In powerful contributions, my right hon. Friend the Member for Alyn and Deeside (Mark Tami) and my hon. Friends the Members for Newcastle upon Tyne North (Catherine McKinnell) and for Luton South (Rachel Hopkins) highlighted the fact that the aviation sector stands on the brink of devastation as a result of the pandemic, and several airlines have already announced plans for significant redundancies. Research from the New Economics Foundation and the TUC earlier this month warned that at least 70,000 jobs in the wider aviation industry are at risk before the end of the summer alone. The Opposition recognise that aviation must change to tackle runaway global heating, but current developments are chaotic and suggest the absence of any long-term strategy for the industry. It needs more help, as do so many others.
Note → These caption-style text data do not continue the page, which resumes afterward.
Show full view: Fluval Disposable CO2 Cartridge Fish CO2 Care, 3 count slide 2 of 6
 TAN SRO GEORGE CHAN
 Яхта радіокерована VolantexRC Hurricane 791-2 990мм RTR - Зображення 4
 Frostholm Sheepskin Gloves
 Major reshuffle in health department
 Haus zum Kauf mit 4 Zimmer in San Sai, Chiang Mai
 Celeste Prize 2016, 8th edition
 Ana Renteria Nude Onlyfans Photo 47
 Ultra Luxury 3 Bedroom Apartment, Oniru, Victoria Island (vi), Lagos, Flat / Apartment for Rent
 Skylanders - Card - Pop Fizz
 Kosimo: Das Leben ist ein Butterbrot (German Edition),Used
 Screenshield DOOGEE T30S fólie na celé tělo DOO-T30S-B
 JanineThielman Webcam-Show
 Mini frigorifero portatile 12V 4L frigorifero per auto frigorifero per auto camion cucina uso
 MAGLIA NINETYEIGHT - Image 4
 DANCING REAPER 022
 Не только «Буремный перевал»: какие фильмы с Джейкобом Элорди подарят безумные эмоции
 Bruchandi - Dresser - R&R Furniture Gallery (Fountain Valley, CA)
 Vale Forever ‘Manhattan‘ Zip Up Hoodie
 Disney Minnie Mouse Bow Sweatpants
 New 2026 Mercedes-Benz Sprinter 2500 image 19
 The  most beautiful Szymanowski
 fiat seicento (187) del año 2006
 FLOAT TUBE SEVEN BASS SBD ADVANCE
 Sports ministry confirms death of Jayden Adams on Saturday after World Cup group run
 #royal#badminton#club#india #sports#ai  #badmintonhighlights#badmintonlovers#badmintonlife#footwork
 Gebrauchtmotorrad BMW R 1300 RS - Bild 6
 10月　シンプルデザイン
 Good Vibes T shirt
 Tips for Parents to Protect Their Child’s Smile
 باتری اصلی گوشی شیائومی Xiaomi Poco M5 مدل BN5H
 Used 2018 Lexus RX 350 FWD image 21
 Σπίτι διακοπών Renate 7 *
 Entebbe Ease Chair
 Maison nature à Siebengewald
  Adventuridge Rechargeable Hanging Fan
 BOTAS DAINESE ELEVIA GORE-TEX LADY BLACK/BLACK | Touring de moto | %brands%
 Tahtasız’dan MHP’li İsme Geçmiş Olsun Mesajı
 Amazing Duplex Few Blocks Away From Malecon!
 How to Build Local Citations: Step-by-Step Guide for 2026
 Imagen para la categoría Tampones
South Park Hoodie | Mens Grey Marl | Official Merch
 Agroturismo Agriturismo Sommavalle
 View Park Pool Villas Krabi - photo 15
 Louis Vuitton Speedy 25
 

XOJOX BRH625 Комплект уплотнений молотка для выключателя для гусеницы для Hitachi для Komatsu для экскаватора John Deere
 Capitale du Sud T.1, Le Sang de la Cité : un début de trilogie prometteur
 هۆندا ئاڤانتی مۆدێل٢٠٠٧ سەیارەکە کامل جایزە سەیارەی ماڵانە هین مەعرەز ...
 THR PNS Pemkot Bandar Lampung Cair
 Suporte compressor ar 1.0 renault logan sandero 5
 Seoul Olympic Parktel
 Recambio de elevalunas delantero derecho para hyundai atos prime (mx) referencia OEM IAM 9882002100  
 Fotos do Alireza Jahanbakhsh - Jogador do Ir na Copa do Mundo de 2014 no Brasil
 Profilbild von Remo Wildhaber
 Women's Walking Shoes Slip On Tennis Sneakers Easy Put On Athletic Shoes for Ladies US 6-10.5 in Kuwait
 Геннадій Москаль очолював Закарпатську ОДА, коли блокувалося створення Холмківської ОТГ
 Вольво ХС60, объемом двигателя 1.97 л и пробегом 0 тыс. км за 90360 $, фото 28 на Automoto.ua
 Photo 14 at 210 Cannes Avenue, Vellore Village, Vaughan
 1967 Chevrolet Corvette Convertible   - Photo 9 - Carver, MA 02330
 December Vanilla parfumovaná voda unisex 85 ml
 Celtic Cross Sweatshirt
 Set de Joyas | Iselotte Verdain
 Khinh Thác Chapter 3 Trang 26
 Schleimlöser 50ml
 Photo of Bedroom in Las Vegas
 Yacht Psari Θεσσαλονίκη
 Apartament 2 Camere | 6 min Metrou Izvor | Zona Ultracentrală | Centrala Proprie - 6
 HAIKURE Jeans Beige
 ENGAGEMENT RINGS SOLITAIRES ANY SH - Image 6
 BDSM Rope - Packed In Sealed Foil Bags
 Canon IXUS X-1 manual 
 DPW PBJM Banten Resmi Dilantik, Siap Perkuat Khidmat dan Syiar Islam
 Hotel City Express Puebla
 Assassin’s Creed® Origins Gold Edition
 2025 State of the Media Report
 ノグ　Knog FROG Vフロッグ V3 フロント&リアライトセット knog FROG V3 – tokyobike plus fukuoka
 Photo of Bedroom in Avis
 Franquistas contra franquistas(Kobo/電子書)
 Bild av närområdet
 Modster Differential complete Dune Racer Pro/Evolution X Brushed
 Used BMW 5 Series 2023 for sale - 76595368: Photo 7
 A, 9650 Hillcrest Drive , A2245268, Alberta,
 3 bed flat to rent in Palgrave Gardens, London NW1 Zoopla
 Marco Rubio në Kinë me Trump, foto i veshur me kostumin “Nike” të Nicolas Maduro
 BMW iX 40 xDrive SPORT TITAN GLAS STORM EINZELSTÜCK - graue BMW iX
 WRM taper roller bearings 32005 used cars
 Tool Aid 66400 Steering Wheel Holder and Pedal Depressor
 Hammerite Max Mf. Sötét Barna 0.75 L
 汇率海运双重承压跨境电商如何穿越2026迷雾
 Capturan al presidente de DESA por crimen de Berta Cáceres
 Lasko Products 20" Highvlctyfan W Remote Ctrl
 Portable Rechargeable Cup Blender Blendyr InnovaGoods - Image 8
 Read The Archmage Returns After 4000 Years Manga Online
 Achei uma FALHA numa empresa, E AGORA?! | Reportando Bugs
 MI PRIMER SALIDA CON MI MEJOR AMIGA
When the Minister stands up, I hope that he can give the House and all those watching our proceedings an indication of when sector-specific support packages, including access to emergency funding, will be forthcoming for these industries and others that are crying out for help, including hospitality, aerospace, the motor industry and, as my hon. Friend the Member for Aberavon (Stephen Kinnock) pointed out powerfully, steel. If the Minister is unable to do that, will he at least provide some reassurance that the Government recognise the urgency with which such tailored packages are required by the industries in question and that Ministers accept the need to make changes to existing schemes, such as the furlough, so that their phasing out mirrors the pace at which industry is able to return to some semblance of normality?
That brings me to my final point—I will be brief in making it, Madam Deputy Speaker. As we look to ensure that our industries get the ongoing support that they need, we must plan strategically for the future. That means support, yes, to ensure that our industries do not fall behind their international competitors in the years ahead, but also support that is designed to achieve other important national objectives, not least responding to the environment and climate emergency. Our European neighbours are using this crisis as an opportunity to do just that, and the Government should look to match and even surpass their ambition by coming forward with support that will retain and create jobs, accelerate the transition to a low-carbon economy and address a range of regional and wider inequalities—a point made very powerfully by my right hon. Friend the Member for North Durham (Mr Jones) and my hon. Friend the Member for Bethnal Green and Bow (Rushanara Ali).
In conclusion, the Opposition recognise the scale of the challenge that the Government have had to confront, as well as the speed with which the current schemes had to be designed and implemented, but, as the OECD made clear, our country is on course to suffer the largest economic hit from the pandemic among major nations this year. In the face of such an emergency, we on this side of the House and the three quarters of a million people who signed these petitions are not demanding the impossible. We are simply asking the Government to act decisively and spend smartly to protect industries that contribute so much to our economy and our society, and on whom so many people rely.